## WORK TASK
Going from the line that contains "и Славянци Митниците" through the last line of the records, set down each line again exactly, both included, with pictures left out.

## RECORDED DATA
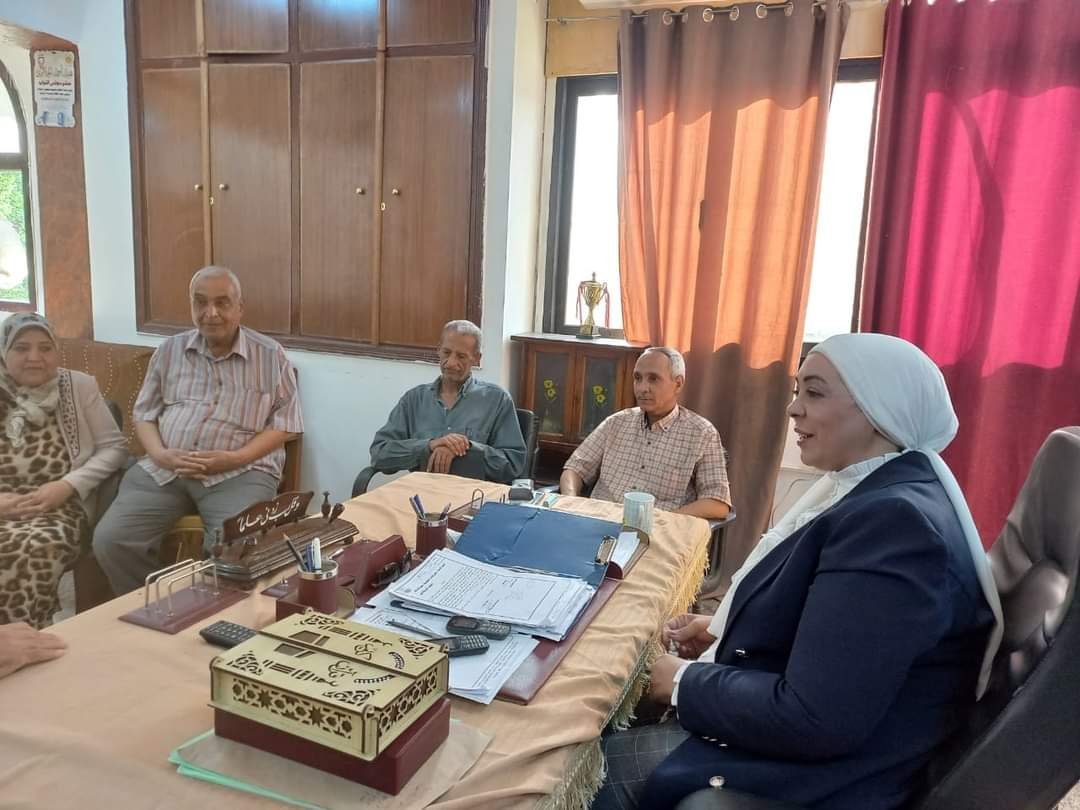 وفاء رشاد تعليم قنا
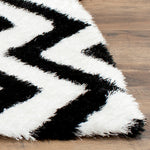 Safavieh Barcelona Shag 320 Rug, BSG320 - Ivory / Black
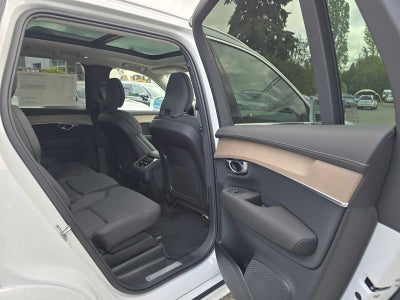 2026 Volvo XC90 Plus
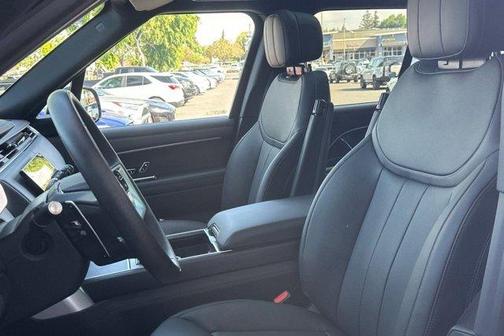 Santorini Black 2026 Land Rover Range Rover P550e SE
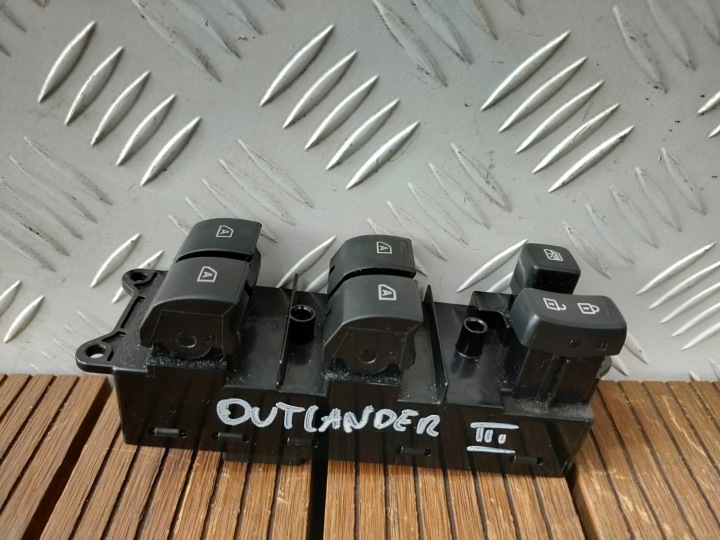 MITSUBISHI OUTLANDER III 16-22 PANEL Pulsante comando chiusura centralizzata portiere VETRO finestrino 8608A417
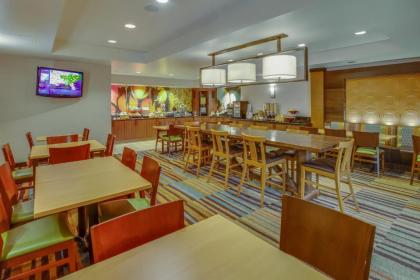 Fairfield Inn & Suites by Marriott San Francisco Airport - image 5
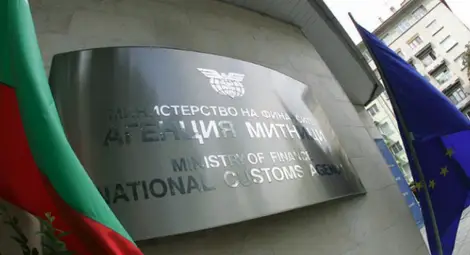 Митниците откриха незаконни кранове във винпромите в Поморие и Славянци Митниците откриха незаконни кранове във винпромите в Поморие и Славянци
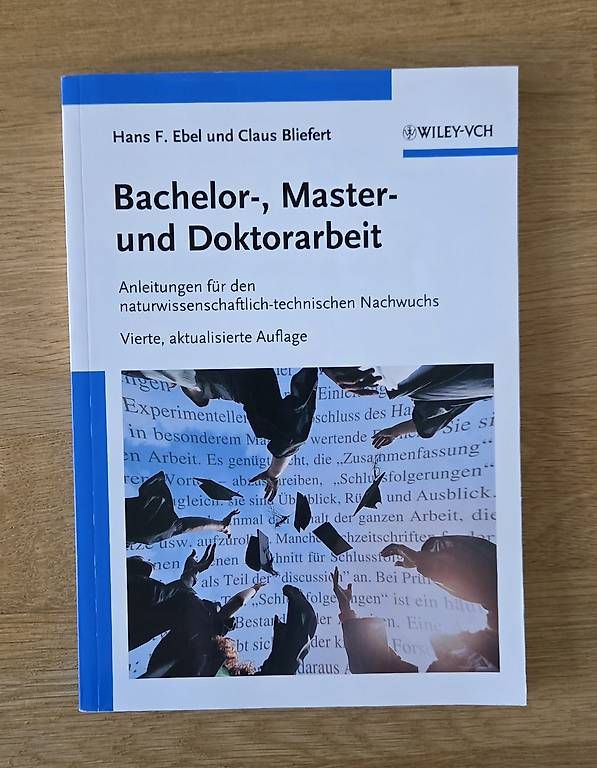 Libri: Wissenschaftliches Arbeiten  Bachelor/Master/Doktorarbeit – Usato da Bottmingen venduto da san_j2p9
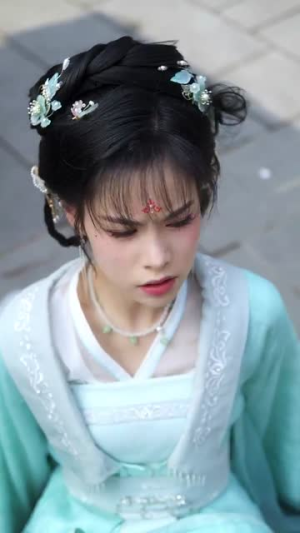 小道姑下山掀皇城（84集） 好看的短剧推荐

## ANSWER TO THIS TASK
 Митниците откриха незаконни кранове във винпромите в Поморие и Славянци Митниците откриха незаконни кранове във винпромите в Поморие и Славянци
 Libri: Wissenschaftliches Arbeiten  Bachelor/Master/Doktorarbeit – Usato da Bottmingen venduto da san_j2p9
 小道姑下山掀皇城（84集） 好看的短剧推荐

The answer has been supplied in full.